> _What needs to be done_: From the line containing "Flötenregenpfeifer - ML645470461" through the last line below, copy every line exactly, leaving out the pictures.

Records from a dataset:
————
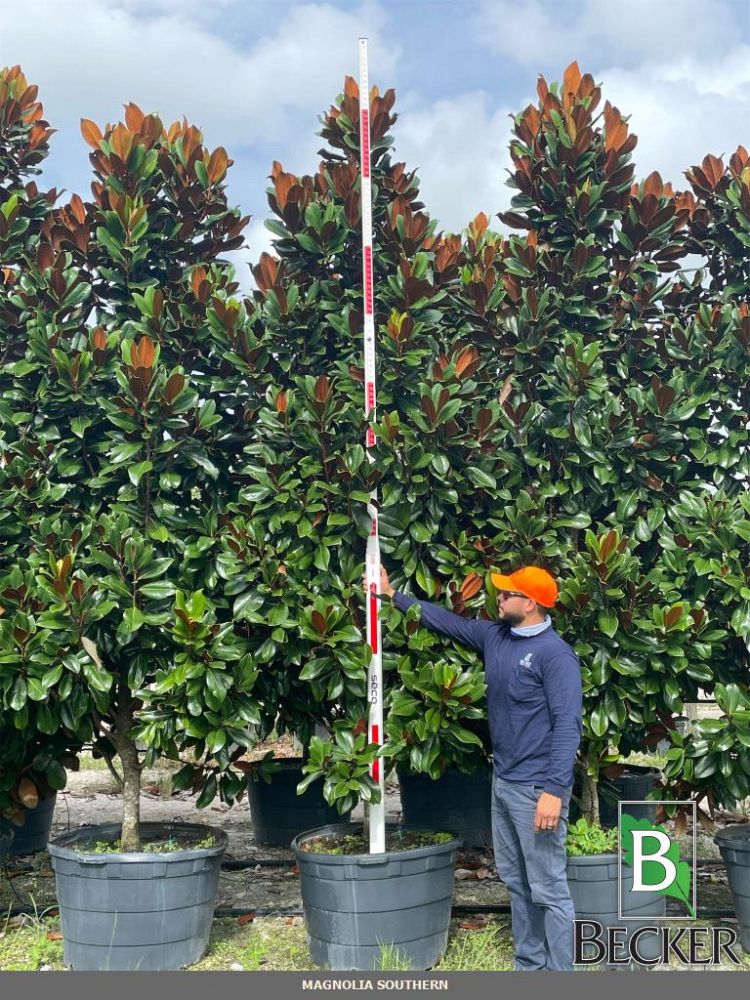 magnolia-grandiflora-d-d-blanchard-southern-magnolia-d-d-blanchard-southern-magnolia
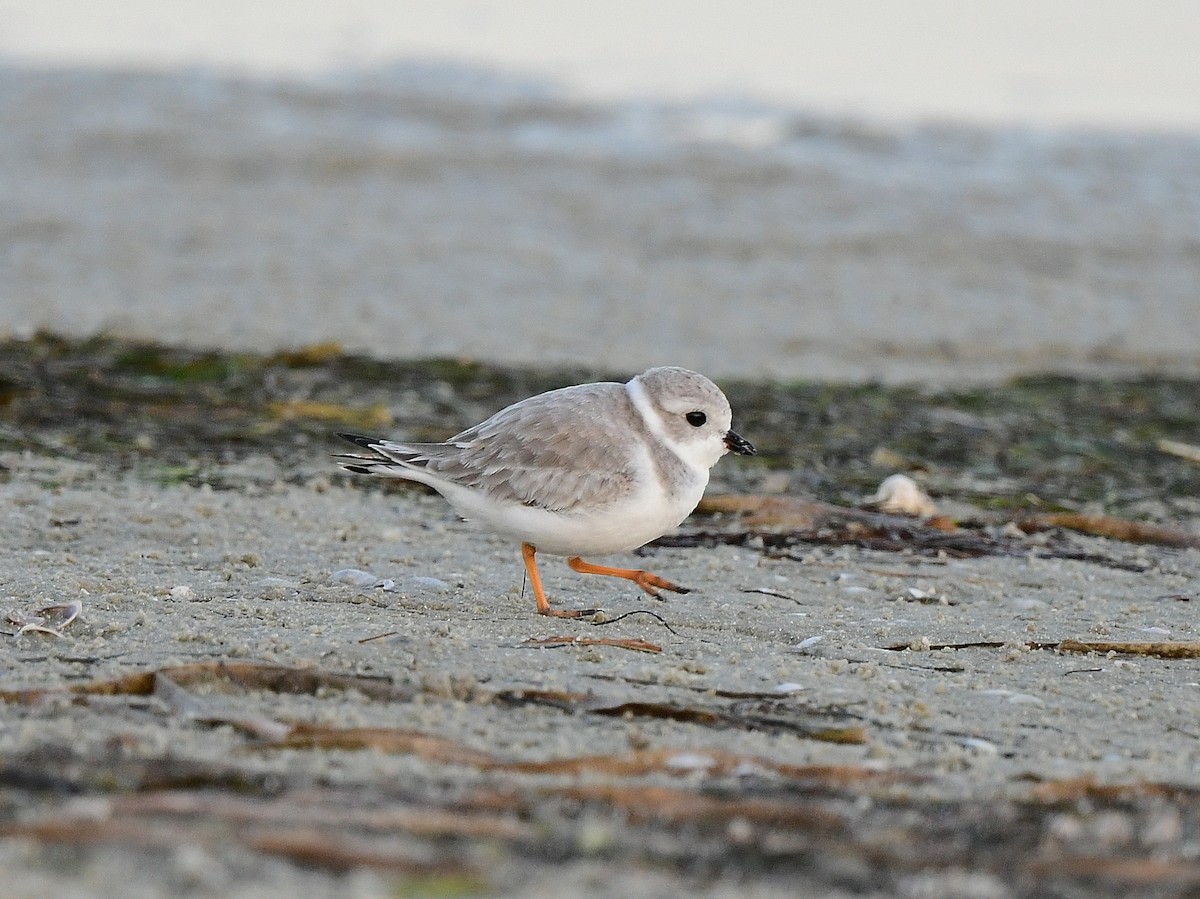 Flötenregenpfeifer - ML645470461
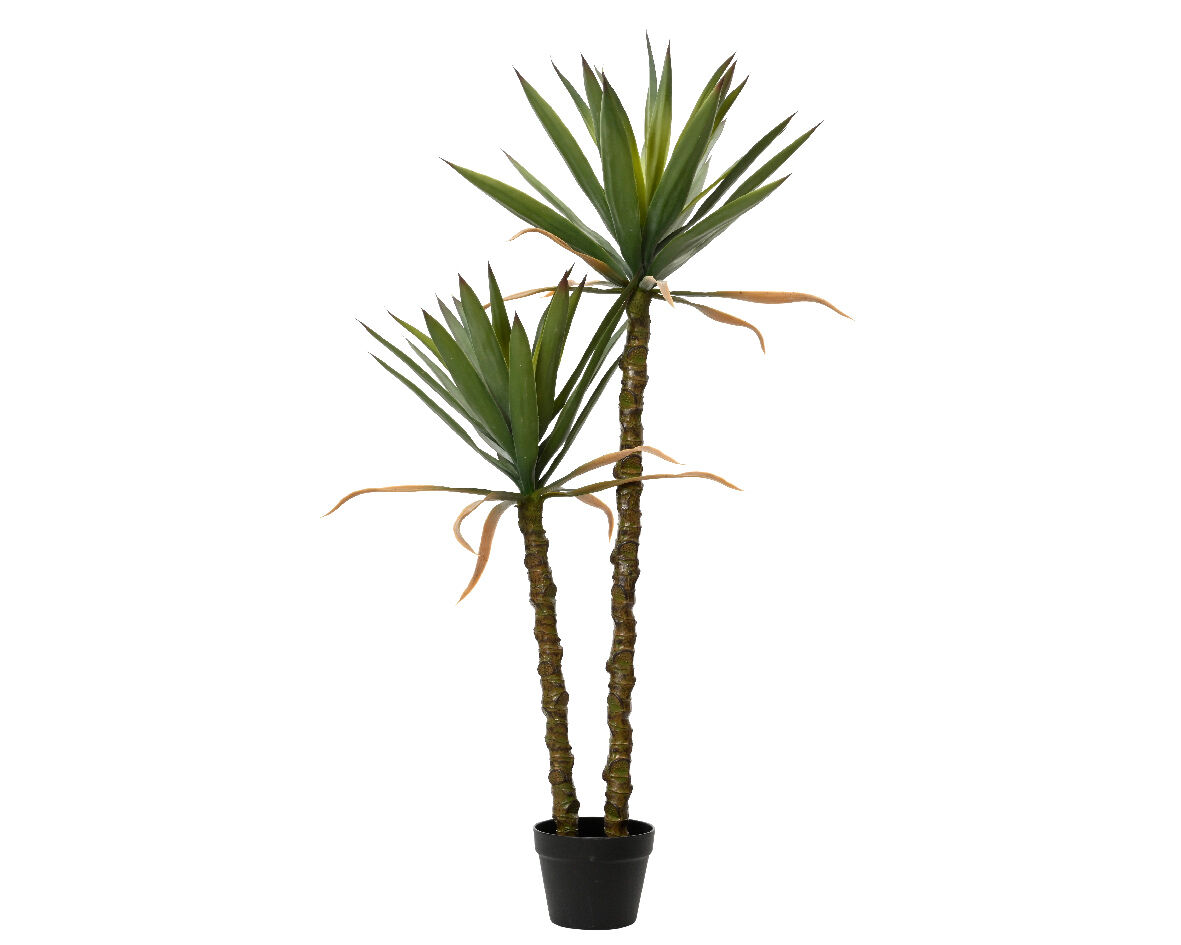 Planta artificial ARBOL SISAL marca EVERLANDS FLOWERS AND PLANTS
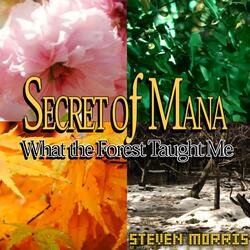 What the Forest Taught Me (From "Secret of Mana")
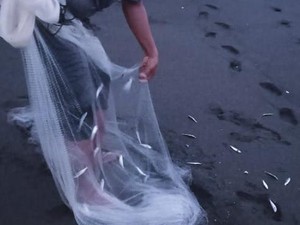 4 Fakta dari Fenomena Jutaan Ikan Berlompatan ke Daratan di Pantai Yogya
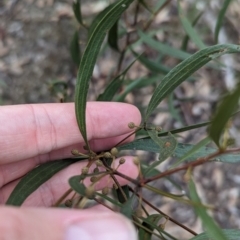 Acacia verniciflua at Killawarra, VIC - 21 May 2023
————
> _Response to the exercise_:
 Flötenregenpfeifer - ML645470461
 Planta artificial ARBOL SISAL marca EVERLANDS FLOWERS AND PLANTS
 What the Forest Taught Me (From "Secret of Mana")
 4 Fakta dari Fenomena Jutaan Ikan Berlompatan ke Daratan di Pantai Yogya
 Acacia verniciflua at Killawarra, VIC - 21 May 2023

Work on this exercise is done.